Allergan Board Excoriated in Takeover Saga

     LOS ANGELES (CN) – Billionaire William Ackman’s plan to take over Allergan found support in a new federal shareholder action amid reports that Activis put in a $60 billion bid.
     Mary Tolaro, an Ohio-based Allergan shareholder, filed a derivative and direct class action complaint against Allergen’s board of directors on Wednesday.
     The lawsuit comes on the heels of an adverse ruling against Allergan shareholders in the Delaware Chancery court, which on Nov. 7, found that it is too early to let stockholders install board members favorable to the takeover.
     Ackman is aggressively pursuing Allergan through his hedge fund, Pershing Square Capital Management, which has teamed up with Canadian firm Valeant Pharmaceutical International to mount a hostile takeover of the company.
     On Aug. 1, the pharmaceutical filed a federal complaint in Santa Ana to keep Allergan’s board of directors intact. Valeant and Ackman wanted to install executives more receptive to a merger; the Allergan board had rejected Pershing’s unsolicited offer more than two years ago.
     Pershing and Valeant made a $54 billion offer for the company in June, which Allergan again rebuffed.
     U.S. District David Carter dealt the company a blow last week when he declined to block Pershing from voting its 9.7 percent stake at a Dec. 18 Allergan shareholder meeting. Allergan has appealed.
     In another twist in the saga, Bloomberg reported this week that Irish firm Actavis is negotiating a deal with Allergan to acquire the company for $60 billion and beat off Ackman’s acquisition.
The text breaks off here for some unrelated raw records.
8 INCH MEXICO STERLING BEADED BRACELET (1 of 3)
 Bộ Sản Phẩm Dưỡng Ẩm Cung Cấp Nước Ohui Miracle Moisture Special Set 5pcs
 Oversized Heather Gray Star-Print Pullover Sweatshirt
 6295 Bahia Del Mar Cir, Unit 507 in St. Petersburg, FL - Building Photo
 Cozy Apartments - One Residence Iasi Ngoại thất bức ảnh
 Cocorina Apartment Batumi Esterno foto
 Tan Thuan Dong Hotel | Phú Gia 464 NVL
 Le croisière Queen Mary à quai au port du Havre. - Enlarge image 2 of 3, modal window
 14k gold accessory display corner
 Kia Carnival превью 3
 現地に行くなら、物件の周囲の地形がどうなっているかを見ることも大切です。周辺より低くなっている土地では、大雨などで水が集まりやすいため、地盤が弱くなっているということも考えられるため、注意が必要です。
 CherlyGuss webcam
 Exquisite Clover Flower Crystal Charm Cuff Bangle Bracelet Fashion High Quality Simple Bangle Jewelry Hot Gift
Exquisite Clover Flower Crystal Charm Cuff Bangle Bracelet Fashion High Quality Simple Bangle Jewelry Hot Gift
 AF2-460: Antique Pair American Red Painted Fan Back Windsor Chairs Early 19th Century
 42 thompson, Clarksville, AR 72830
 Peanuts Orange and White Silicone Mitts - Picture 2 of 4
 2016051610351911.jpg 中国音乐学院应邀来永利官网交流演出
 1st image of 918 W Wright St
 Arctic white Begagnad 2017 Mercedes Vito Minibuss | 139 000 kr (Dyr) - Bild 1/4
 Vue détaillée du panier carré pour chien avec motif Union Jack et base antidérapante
     Tolaro’s shareholder complaint meanwhile says that Allergan directors are more interested in protecting their salaries and bonuses than protecting stockholders. Their rejection of the Valeant deal contravenes advice from investment bank Goldman Sachs, according to the complaint.
     Since 2011, CEO David E.I. Pyott has earned $15.7 million per year and holds Allergan options worth $350 million, the complaint says.
     “Allergan’s Board ignored Goldman Sachs’ advice and instead embarked on a course of conduct designed solely to entrench the individual board members in office and to deter an acquisition by Valeant at all costs, and regardless of the premium offered by Valeant,” Tolaro says.
     The lawsuit echoes recently reported claims that the Allergen board launched a smear campaign against Valeant, in an attempt to hurt the company in the stock market.
     Tolaro notes that Pyott, the Allergan CEO, met with Valeant shareholders in Canada on Nov. 3, and badmouthed the company to drive down the price of its stock and take the air out of the proposed takeover.
     “Allergan had never before met with Valeant’s shareholders, and the meetings had no discernible purpose other than to injure Valeant and depress its share price in order to attempt to make Valeant’s acquisition proposal look less favorable,” the complaint states.
     Alleging breach of fiduciary duty and breach of duty of honest service, Tolaro wants the judge to make the Allergan board reconsider offers for the company that are in the best interest of shareholders.
     In addition to Pyott, directors Deborah Dunsire, Michael Gallagher, Trevor Jones, Louis Lavigne Jr., Peter McDonnell, Karah Parschauer, Timothy Proctor, Russell Ray and Henri Termeer are named as defendants.
     Tolaro is represented by Joseph Cotchett with Cotchett, Pitre & McCarthy of Burlingame, Calif.